Records from a data collection
---
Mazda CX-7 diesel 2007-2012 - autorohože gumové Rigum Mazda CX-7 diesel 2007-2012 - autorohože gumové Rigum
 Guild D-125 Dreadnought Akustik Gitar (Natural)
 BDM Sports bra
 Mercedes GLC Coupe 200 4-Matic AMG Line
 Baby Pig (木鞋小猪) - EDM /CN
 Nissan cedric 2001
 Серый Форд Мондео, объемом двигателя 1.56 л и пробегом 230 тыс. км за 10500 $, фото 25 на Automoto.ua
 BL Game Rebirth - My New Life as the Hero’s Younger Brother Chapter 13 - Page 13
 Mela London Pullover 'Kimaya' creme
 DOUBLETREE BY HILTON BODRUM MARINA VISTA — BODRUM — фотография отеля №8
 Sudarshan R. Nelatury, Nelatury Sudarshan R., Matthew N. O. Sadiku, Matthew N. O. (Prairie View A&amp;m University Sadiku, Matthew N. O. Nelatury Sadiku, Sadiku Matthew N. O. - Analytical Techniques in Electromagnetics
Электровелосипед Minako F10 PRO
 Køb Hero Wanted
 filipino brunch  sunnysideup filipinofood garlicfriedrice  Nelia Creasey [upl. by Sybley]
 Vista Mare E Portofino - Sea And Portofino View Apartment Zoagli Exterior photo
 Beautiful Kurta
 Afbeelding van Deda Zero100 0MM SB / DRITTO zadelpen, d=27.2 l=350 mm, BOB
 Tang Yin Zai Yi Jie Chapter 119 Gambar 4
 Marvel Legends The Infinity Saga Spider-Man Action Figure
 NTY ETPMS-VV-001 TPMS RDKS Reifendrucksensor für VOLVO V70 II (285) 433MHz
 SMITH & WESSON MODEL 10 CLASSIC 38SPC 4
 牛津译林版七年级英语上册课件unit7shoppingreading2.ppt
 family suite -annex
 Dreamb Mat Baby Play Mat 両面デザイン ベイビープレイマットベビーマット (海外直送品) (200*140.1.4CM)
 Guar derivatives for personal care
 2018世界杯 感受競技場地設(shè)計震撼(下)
---
» TASK OBJECTIVE:
How many lines of the entries above contain the word "Chapter"? Give the number alone.

» ANSWER FOR THIS EXERCISE:
2